- **Given material**
:::::

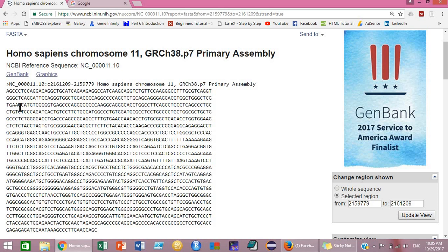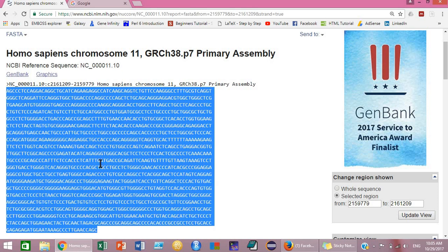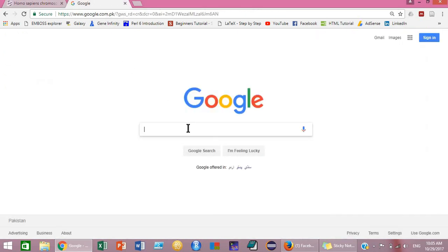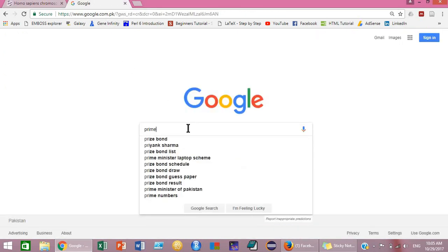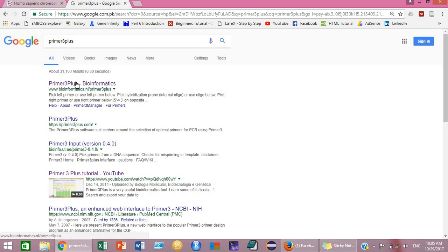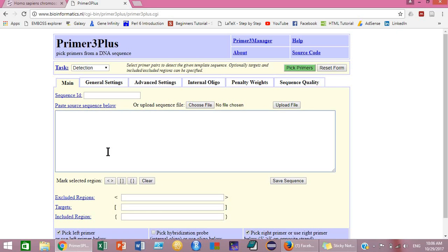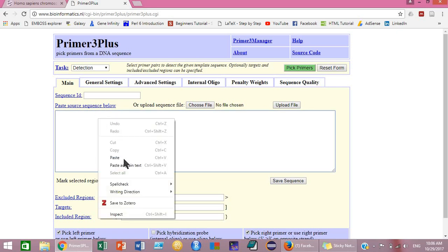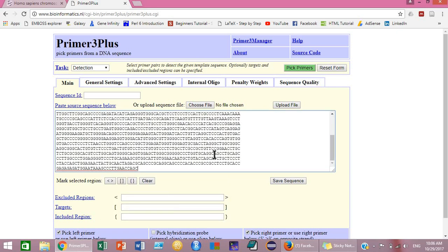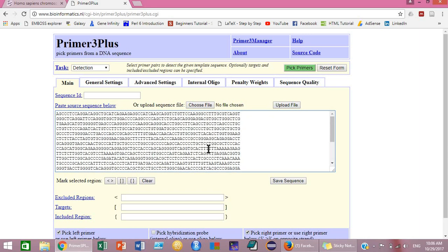Select the Homo sapiens insulin gene sequence, copy it, then go to Google and search for Primer3Plus. Click on the Primer3Plus link and paste your sequence in the sequence input region. Then you will have to identify the target region for which you are going to design your primers.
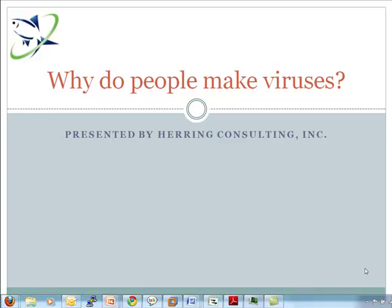Hi, this is Charles Herring, President of Herring Consulting. I'm often asked why do people create computer viruses.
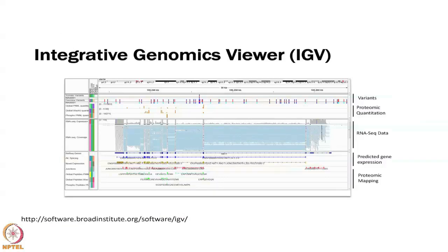There is also the Integrative Genomics Viewer (IGV), a GUI from the Broad Institute that you download to your desktop. You can upload your own data and also access genomes and annotations already available, such as the human HG19 genome. You can look at the annotation within IGV and upload multiple different data tracks.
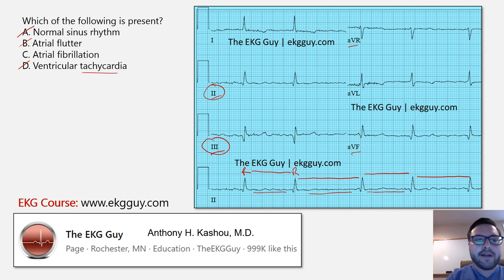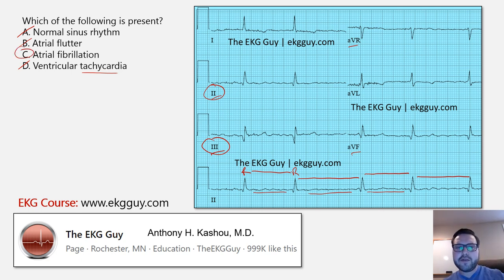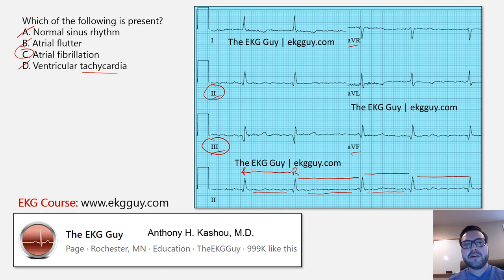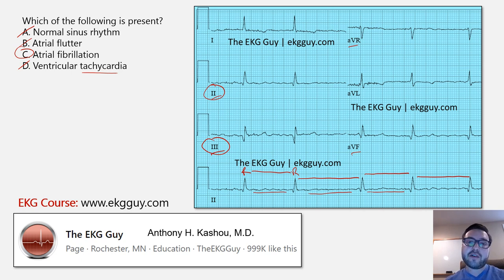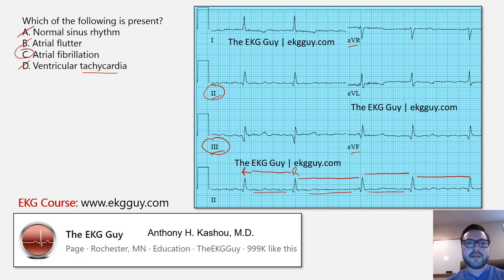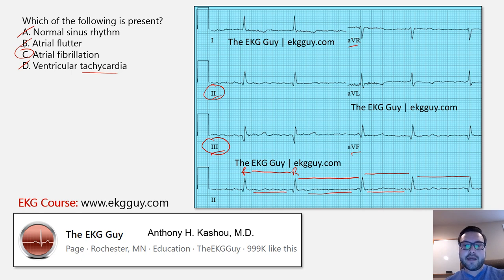The correct answer is atrial fibrillation. Hopefully you got that. It's one you certainly don't want to miss, because atrial fibrillation changes our management and how we treat patients — whether it's rate or rhythm control — and it has prognostic implications for the therapies patients should be on. This rhythm is atrial fibrillation, given the irregularly irregular nature of it and the absence of clearly defined P waves.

:::::

- **Task statement**
Output the lines above in full and exactly as given, omitting any pictures.

- **Response to this task**
Select the Homo sapiens insulin gene sequence, copy it, then go to Google and search for Primer3Plus. Click on the Primer3Plus link and paste your sequence in the sequence input region. Then you will have to identify the target region for which you are going to design your primers.
Hi, this is Charles Herring, President of Herring Consulting. I'm often asked why do people create computer viruses.
There is also the Integrative Genomics Viewer (IGV), a GUI from the Broad Institute that you download to your desktop. You can upload your own data and also access genomes and annotations already available, such as the human HG19 genome. You can look at the annotation within IGV and upload multiple different data tracks.
The correct answer is atrial fibrillation. Hopefully you got that. It's one you certainly don't want to miss, because atrial fibrillation changes our management and how we treat patients — whether it's rate or rhythm control — and it has prognostic implications for the therapies patients should be on. This rhythm is atrial fibrillation, given the irregularly irregular nature of it and the absence of clearly defined P waves.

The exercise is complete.